───── Extracted records

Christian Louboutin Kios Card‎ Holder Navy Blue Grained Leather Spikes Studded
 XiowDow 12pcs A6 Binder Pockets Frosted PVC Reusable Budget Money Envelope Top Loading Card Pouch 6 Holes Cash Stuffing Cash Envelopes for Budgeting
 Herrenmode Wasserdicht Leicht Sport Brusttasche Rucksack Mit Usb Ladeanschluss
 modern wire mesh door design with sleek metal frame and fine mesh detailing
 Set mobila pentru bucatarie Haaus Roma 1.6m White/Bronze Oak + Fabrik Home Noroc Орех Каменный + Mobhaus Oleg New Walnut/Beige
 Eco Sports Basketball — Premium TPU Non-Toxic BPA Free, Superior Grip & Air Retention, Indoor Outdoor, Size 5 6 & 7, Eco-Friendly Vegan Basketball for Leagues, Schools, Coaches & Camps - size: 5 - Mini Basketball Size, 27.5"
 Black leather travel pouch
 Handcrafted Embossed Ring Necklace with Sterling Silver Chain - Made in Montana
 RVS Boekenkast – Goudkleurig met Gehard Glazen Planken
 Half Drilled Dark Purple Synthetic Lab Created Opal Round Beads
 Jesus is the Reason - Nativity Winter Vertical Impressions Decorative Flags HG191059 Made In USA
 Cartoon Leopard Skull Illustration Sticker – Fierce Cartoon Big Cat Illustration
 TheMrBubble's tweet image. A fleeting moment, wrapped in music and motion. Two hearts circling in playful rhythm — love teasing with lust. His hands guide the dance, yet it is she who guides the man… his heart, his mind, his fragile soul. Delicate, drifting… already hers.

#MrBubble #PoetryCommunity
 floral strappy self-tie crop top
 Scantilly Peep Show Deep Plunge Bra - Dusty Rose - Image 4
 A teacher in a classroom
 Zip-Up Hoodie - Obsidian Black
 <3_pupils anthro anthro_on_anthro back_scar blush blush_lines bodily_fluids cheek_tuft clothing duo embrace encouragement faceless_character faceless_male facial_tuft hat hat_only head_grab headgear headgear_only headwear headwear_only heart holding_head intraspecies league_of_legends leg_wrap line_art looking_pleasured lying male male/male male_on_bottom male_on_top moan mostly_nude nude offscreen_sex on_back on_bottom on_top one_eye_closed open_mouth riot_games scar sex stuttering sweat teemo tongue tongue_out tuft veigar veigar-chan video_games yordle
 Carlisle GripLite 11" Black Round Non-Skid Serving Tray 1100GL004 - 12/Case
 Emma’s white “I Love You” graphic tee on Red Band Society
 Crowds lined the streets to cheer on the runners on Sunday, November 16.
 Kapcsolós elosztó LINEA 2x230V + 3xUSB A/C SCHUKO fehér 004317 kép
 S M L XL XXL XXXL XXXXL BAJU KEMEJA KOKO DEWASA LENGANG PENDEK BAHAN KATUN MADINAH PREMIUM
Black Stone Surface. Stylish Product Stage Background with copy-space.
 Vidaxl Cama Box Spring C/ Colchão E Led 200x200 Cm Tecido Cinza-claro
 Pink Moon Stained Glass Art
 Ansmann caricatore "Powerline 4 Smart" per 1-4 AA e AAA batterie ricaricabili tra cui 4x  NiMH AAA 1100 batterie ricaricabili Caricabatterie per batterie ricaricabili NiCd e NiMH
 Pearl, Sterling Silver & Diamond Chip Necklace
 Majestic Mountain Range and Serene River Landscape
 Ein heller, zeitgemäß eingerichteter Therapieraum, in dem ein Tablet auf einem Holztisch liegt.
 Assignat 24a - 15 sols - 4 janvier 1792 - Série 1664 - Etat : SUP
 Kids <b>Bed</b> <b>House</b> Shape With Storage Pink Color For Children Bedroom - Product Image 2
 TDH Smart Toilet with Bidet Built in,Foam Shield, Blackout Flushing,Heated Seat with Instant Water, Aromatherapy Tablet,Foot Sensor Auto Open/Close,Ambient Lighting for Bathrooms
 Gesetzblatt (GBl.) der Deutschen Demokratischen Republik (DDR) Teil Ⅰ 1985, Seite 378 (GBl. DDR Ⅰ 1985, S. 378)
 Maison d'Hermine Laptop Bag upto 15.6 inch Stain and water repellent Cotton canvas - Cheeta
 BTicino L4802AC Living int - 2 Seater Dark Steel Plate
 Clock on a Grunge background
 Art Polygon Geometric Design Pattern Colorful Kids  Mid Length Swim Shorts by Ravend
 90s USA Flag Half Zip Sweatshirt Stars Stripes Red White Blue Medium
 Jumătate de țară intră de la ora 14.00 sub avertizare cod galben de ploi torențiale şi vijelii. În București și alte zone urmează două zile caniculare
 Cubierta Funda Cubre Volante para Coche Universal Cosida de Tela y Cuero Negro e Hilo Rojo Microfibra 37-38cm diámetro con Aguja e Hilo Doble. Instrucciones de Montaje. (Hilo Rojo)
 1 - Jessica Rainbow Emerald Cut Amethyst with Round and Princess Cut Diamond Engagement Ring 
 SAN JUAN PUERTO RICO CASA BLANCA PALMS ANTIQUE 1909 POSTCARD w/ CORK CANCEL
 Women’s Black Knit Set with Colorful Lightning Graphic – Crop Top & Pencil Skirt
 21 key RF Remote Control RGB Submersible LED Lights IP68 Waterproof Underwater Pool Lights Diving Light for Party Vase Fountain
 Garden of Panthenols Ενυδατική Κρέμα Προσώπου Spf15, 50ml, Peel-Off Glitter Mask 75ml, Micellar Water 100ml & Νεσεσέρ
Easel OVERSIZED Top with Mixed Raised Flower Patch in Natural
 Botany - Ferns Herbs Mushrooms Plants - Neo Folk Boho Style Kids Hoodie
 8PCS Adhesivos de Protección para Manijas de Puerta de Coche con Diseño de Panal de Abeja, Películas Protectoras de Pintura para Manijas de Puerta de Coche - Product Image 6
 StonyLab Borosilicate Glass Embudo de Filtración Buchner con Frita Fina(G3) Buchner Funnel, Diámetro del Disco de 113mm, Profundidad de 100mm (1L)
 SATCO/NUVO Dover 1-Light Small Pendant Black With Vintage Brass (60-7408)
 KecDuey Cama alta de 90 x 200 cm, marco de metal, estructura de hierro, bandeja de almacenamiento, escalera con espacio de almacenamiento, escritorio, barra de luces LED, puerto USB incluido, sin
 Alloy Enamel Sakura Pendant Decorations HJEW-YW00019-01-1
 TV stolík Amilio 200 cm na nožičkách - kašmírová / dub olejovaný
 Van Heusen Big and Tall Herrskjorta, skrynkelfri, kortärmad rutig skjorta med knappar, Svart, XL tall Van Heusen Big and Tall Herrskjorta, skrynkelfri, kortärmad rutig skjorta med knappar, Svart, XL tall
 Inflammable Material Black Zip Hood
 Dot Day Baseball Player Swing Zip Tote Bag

──────────

Task statement
Could you write out exactly the lines above, starting at the first one and ending with the line that has "Herrenmode Wasserdicht Leicht"?

Your response
Christian Louboutin Kios Card‎ Holder Navy Blue Grained Leather Spikes Studded
 XiowDow 12pcs A6 Binder Pockets Frosted PVC Reusable Budget Money Envelope Top Loading Card Pouch 6 Holes Cash Stuffing Cash Envelopes for Budgeting
 Herrenmode Wasserdicht Leicht Sport Brusttasche Rucksack Mit Usb Ladeanschluss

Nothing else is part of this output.